Reassurance issued over counterfeiting
Reassurance that legitimately obtained medicines in the UK are unlikely to be counterfeit has been issued by the Department of Health.
The DoH said: “Cases referred to the Medicines and Healthcare products
Regulatory Agency involving counterfeit products are relatively rare.
In fact, since the case involving Zantac in 1994 (PJ, 19 February 1994,
p247), the MHRA has had no definitive evidence that counterfeit pharmaceuticals
are reaching the public via the legitimate supply chain.”

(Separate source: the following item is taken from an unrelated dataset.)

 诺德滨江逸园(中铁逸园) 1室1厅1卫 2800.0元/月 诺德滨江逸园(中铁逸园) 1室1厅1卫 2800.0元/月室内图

But the DoH says that counterfeit medicines are available by mail order
or internet sales. It says that last year the MHRA seized Viagra, and
products claiming to be Viagra, with an estimated value of £2.35m.
The dual reassurance and warning was prompted by Pfizer’s vice
president for global security, John Theriault, who said in London last
week that counterfeits were a global threat and that they were being
found in the legitimate supply chain in the US.
There have been four known instances of counterfeit medicines being found
in the UK supply chain. Counterfeit Zantac has been identified on three
occasions and counterfeit Ventolin inhalers once.
Tony Moffat, chief scientist at the Royal Pharmaceutical Society, said: “I
do not think there is a problem in the legitimate supply chain. We know
from the MHRA and from pharmacists that there has been no reported case
of counterfeit medicines in the legitimate chain in the past eight years.”
Pfizer has introduced new tamper-evident packaging for its medicines
sold in Europe. It has done this because of what it describes as
the threat of counterfeits and risks posed by improper re-packaging
and poor storage and transportation of parallel traded products.